WORK TO BE COMPLETED: Please write out only the lines from the line with "used 2025 Toyota" to the line with "Casa en renta", inclusive, exactly as they stand below, without the pictures.

━━━ ENTRIES SUPPLIED ━━━

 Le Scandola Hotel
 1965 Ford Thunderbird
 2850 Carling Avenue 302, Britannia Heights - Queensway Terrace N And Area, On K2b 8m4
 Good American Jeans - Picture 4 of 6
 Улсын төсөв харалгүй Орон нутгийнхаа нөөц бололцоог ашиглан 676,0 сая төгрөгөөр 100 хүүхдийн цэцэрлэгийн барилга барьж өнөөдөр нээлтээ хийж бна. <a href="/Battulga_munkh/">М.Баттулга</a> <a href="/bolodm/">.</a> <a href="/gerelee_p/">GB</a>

━━━
━━━ ENTRIES SUPPLIED ━━━

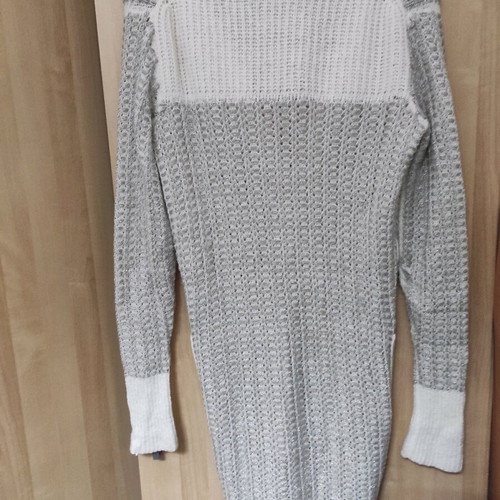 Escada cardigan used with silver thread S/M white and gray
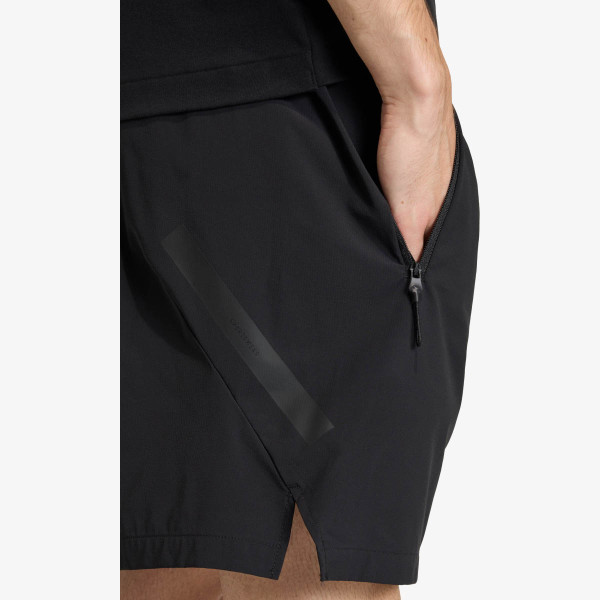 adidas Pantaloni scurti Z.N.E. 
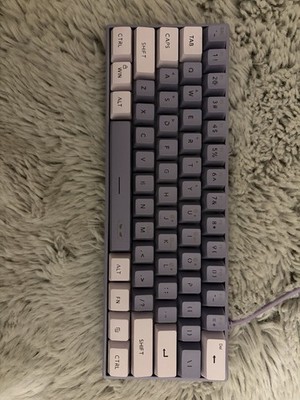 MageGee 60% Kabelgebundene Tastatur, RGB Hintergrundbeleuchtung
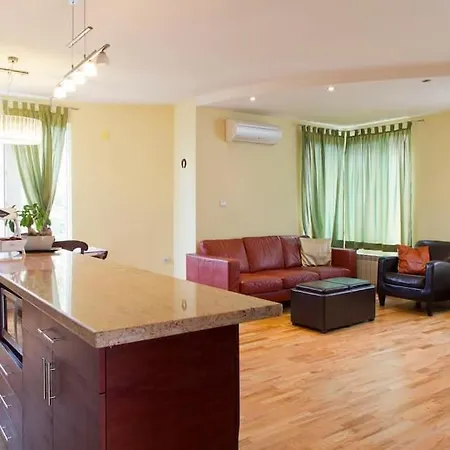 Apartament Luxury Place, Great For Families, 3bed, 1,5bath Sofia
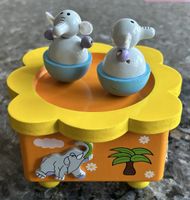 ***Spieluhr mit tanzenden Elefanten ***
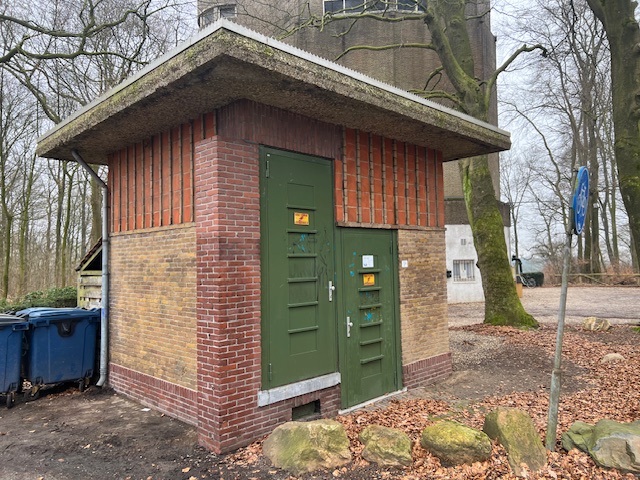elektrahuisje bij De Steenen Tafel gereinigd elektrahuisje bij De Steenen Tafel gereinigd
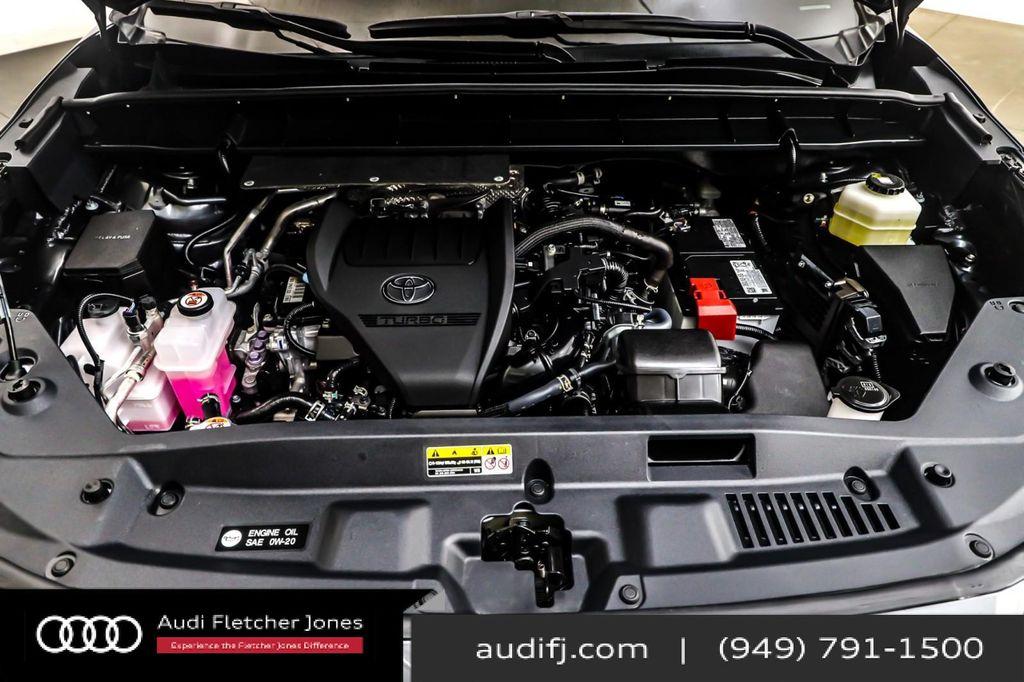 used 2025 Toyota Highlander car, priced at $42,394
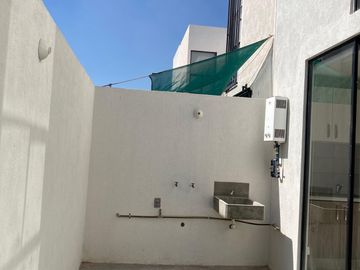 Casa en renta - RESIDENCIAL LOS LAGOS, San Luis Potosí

━━━

OUTPUT FOR THIS TASK:
 used 2025 Toyota Highlander car, priced at $42,394
 Casa en renta - RESIDENCIAL LOS LAGOS, San Luis Potosí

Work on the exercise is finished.